**RECORDED INFORMATION:**

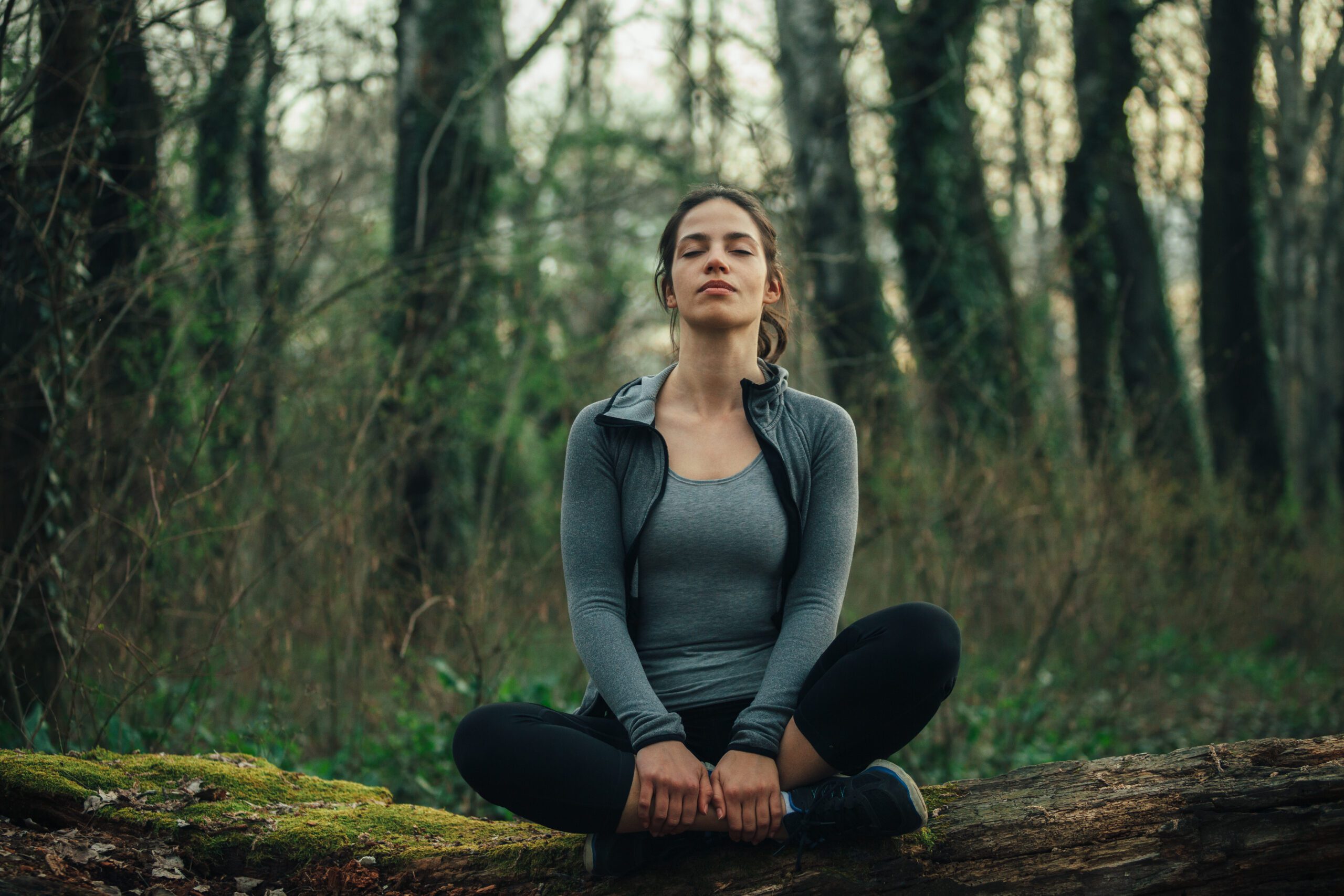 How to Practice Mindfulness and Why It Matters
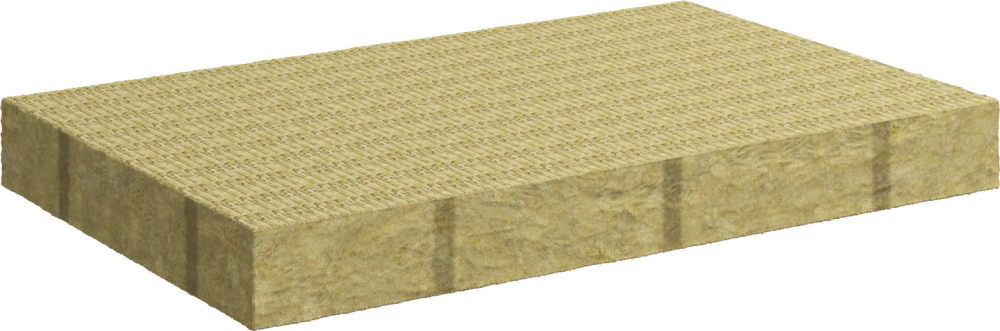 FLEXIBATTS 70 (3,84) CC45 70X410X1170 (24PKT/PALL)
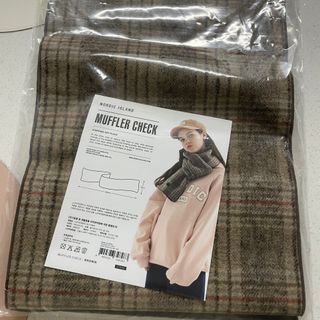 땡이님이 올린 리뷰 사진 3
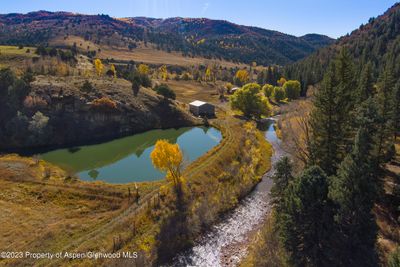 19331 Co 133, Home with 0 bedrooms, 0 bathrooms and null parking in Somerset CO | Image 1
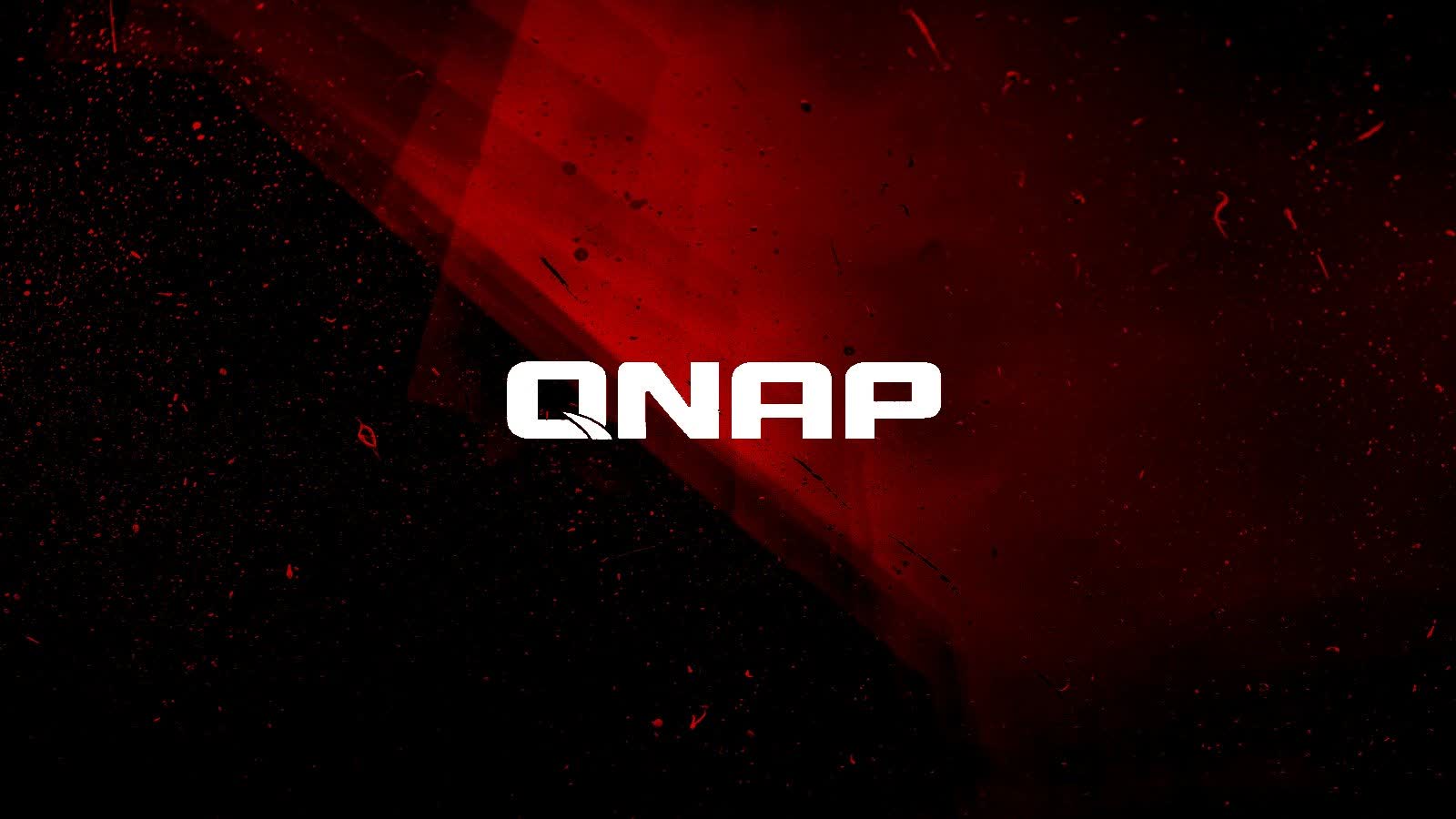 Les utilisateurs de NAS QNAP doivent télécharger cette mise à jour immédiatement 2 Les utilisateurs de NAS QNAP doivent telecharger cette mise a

**WORK TO BE COMPLETED:**
Pictures are to be omitted. Output verbatim only the lines from the one holding "19331 Co 133, Home" through the end of the material, both included.

**SOLVED EXERCISE:**
 19331 Co 133, Home with 0 bedrooms, 0 bathrooms and null parking in Somerset CO | Image 1
 Les utilisateurs de NAS QNAP doivent télécharger cette mise à jour immédiatement 2 Les utilisateurs de NAS QNAP doivent telecharger cette mise a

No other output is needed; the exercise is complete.